Course – Lesson 4: III. Testing a Hypothesis
LESSON 4:III – Q+A WITH AUTHORS KATHERINE ORTEGA COURTNEY, PHD AND DOMINIC CAPPELLO
What is "fidelity" in terms of our team's innovation, and why is it important?
Katherine Ortega Courtney, PhD responds:
In the planning phase we designed the innovation or initiative. In the action phase we wish to follow that plan in all its details. For example, let’s say a school district has a new training for all school staff to help them identify students who might be experiencing trauma associated with ACEs (Adverse Childhood Experiences.) The training is four days with half the time spent on coaching. The evaluation of the training showed high marks from participants in terms of increased knowledge. A second school district decides to do the training but reduces it to two days and eliminates the coaching aspect. They have changed the training significantly and fidelity is not being respected. The second school district may get very different outcomes (knowledge increase among participants may be lower) as a result of changing the intervention).
What types and means of data collection are useful to increase fidelity?

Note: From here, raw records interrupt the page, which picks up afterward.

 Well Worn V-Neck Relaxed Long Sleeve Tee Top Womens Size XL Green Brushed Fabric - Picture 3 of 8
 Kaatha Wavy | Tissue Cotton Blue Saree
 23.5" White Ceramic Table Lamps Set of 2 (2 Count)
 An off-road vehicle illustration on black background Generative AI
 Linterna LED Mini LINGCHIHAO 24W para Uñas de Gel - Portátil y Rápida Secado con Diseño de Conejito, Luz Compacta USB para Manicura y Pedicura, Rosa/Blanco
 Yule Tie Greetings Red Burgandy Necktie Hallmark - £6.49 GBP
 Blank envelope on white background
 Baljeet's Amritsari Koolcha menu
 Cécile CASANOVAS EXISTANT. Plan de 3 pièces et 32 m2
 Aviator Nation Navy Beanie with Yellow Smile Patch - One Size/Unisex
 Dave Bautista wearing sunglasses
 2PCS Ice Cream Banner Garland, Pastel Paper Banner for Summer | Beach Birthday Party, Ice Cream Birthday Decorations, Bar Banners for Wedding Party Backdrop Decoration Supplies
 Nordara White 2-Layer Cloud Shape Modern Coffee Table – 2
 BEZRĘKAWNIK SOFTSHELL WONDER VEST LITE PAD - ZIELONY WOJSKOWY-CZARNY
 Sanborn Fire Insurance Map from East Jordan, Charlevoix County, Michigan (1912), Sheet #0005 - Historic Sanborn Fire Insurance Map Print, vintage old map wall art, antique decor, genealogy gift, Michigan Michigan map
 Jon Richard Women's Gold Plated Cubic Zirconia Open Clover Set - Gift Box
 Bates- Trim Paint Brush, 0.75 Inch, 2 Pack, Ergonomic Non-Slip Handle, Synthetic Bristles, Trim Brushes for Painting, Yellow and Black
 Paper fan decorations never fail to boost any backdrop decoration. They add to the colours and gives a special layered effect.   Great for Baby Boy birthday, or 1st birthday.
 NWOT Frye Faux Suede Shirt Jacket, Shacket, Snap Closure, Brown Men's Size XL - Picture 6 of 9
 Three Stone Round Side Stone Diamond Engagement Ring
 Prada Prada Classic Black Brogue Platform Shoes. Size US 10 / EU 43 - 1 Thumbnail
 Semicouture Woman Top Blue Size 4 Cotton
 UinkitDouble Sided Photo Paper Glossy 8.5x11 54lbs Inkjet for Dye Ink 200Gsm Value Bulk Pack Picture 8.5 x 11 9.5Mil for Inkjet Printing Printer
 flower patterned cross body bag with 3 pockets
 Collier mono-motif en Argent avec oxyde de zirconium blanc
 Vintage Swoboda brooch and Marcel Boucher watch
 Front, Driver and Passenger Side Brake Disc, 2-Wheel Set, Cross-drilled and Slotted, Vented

Dominic Cappello responds:
The first step towards increasing fidelity with an experiment is to ensure that those responsible for its implementation are on the same page. This might be accomplished through a training or team meeting, and followed up with a short survey to identify any potential inconsistencies in how the specific elements of the experiment are understood.
Second, it is helpful to track what experimental activities are occurring at the individual or case levels, depending on the experiment. This might be done with the use of a spreadsheet (such as in Microsoft Excel or Google Sheets); a paper tracking form; or even an online survey tool like Survey Monkey.
How do we establish a baseline prior to implementing our innovation?
Katherine Ortega Courtney, PhD responds:
Baseline data is necessary to gauge what, if any, changes occur as a result of your experiment. Baseline data related to your experiment area may be readily available to you prior to implementing your activities; however, some experiments may address challenges for which no applicable baseline data exists, and that data must be collected. A good array of baseline data is likely to consist of both.
The Resilient Community Experience Survey will serve as great baseline data. If this survey is implemented at the beginning of the 100% New Mexico initiative, before any innovations have taken place, that can serve as a baseline. If it is implemented again after action teams have begun implementing innovations, it could also serve as a great way to measure change.
How would the concept of a "control group" apply to our local experiment?
Dominic Cappello responds:
In the world of science, experiments are considered “controlled” when there is, in addition to a population receiving the treatment or intervention, a similar group who does not receive it — the control group. This way, the magnitude of any changes noted in the “experimental group” can be accounted for through comparison with the control group.
Carefully designed experiments will usually assign similar clients or cases at random to either the experimental group or the control group (thus making the experiment not only controlled, but “randomized”). However, in the field (the “real world”) this isn’t always possible or practical. In some situations, clients will self-select to be part of one or the other.
How does my team anticipate what data we will need for evaluation?
Katherine Ortega Courtney, PhD responds:
Data for evaluation will need to include: data that are aligned with any baseline data collected (For example, results of the initial Resilient Community Experience Survey). Another example would be pre- and post-survey responses to a particular intervention such as a training for law enforcement on trauma sensitive practices); data that track fidelity (For example, data related to possible alternative explanations (things that could have an effect on outcomes but are not related to the actual experiment or intervention in question).
What are other effects of implementing a new practice that needs to be evaluated?
Dominic Cappello responds:
Our 100% New Mexico initiative will be testing many new innovative ways of increasing service quality and accessibility. The implementation and evaluation of any new program, practice or policy should also take into account the circumstances and secondary effects of implementing a new practice. When evaluating an experiment, it is important to consider not only whether the activities themselves are effective towards their goal, but: whether they are sustainable; what effects they have on staff morale; whether they require additional resources; and if they are applicable to address other challenges.